Top of Material provided

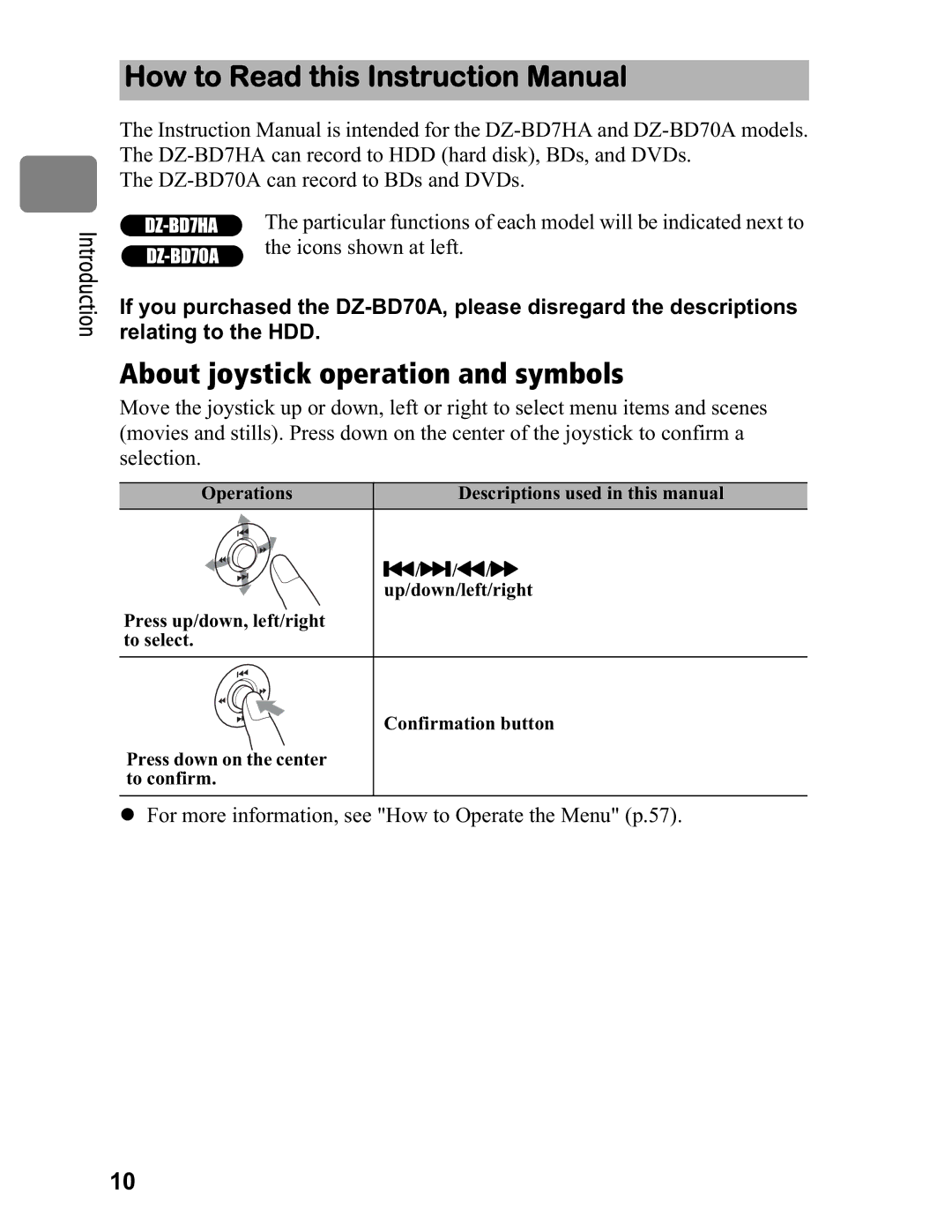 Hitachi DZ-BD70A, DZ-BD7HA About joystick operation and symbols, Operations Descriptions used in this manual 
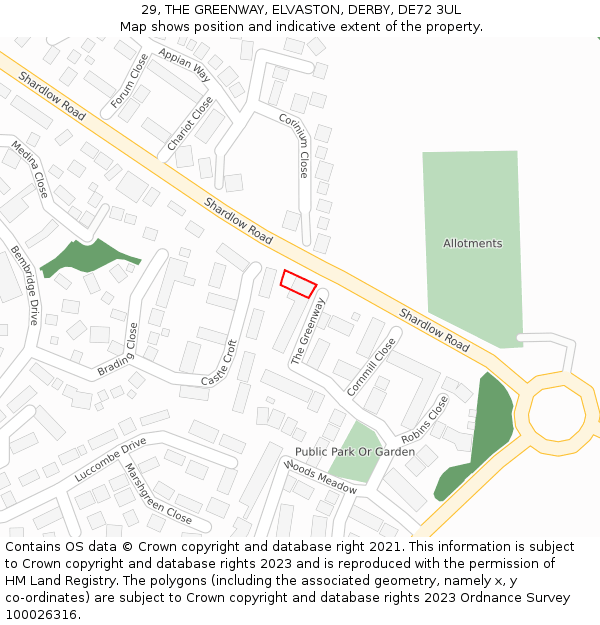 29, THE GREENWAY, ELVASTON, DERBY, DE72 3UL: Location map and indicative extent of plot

Bottom of Material provided
Top of Material provided

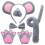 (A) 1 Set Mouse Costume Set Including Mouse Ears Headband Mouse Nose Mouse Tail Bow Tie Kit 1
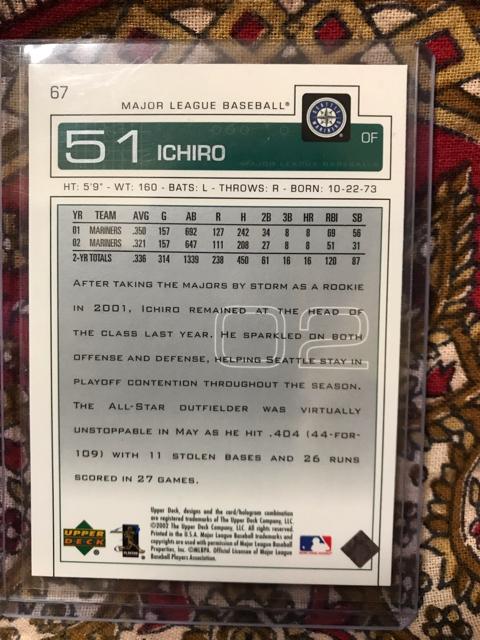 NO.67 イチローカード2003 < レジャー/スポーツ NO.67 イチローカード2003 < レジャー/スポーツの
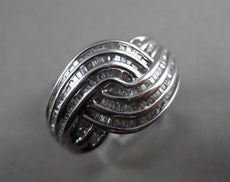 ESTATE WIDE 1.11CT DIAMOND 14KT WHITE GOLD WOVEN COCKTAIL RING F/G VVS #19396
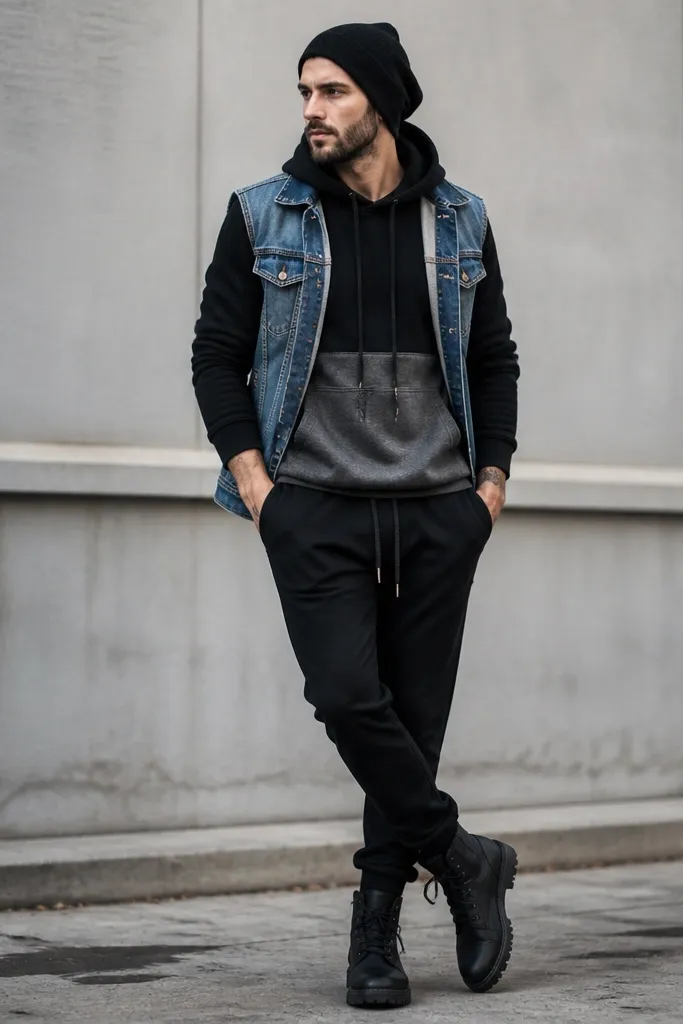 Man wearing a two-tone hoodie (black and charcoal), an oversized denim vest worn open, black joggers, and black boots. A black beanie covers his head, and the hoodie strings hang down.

Bottom of Material provided
Top of Material provided

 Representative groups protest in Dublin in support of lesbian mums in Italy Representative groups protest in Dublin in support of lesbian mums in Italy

Bottom of Material provided

Exercise objective: Nothing outside the stretch above, from the line with "Hitachi DZ-BD70A, DZ-BD7HA" through the line with "29, THE GREENWAY, ELVASTON, DERBY, DE72", is set down. Transcribe that stretch exactly, ends included, but not its pictures.

Answer space:
 Hitachi DZ-BD70A, DZ-BD7HA About joystick operation and symbols, Operations Descriptions used in this manual 
 29, THE GREENWAY, ELVASTON, DERBY, DE72 3UL: Location map and indicative extent of plot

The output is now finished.